Ghana Loses 12% of GDP Through Land Degradation

By Emmanuel Ajarfor Abugri
Ghana Loses 12% of GDP Through Land Degradation

About 15% direct contribution to GDP are from mainstream resources such as cocoa; forestry and logging; mining and quarrying; and oil and gas.

The Director of United Nations University of Natural Resources in Africa, Dr. Elia Takor Ayuk said Ghana is losing 12percent of the value of its Gross Domestic Product through land degradation.

He noted the progressive degradation of the environment through human activities such as pollution of water bodies, deforestation due to increase demand for timer and fuel, modern agricultural practices such as excessive use of fertilizers and pesticide, and urbanization have declined soil fertility and further decrease production.

Dr. Ayuk added that increasing growth of population and demand for more residential areas and commercial sectors is also one of the reasons for land degradation.

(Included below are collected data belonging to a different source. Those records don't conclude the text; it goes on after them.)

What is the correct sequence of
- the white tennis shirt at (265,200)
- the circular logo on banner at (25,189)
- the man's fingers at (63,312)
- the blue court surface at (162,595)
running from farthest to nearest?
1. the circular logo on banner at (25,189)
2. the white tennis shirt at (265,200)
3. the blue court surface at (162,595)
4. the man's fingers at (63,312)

He indicated that irresponsible mining and destruction of forest reserves have led to the loss of biodiversity and depletion of the topsoil.

“There is nothing wrong with mining but after mining what does the law say? You should restore the soil back to its natural form for agricultural activities. Therefore sustainable which is the always surviving away to restore the land called reclamation,” he stated.

Dr. Ayuk said there are several polices on land restoration in Ghana however, the challenge is the enforcement bit which has become bane of most African leaders.

According to Ghana beyond aid is a call for us to use our resources more efficiently and largely to the benefit of the good people of Ghana especially the host communities where those resources are extracted.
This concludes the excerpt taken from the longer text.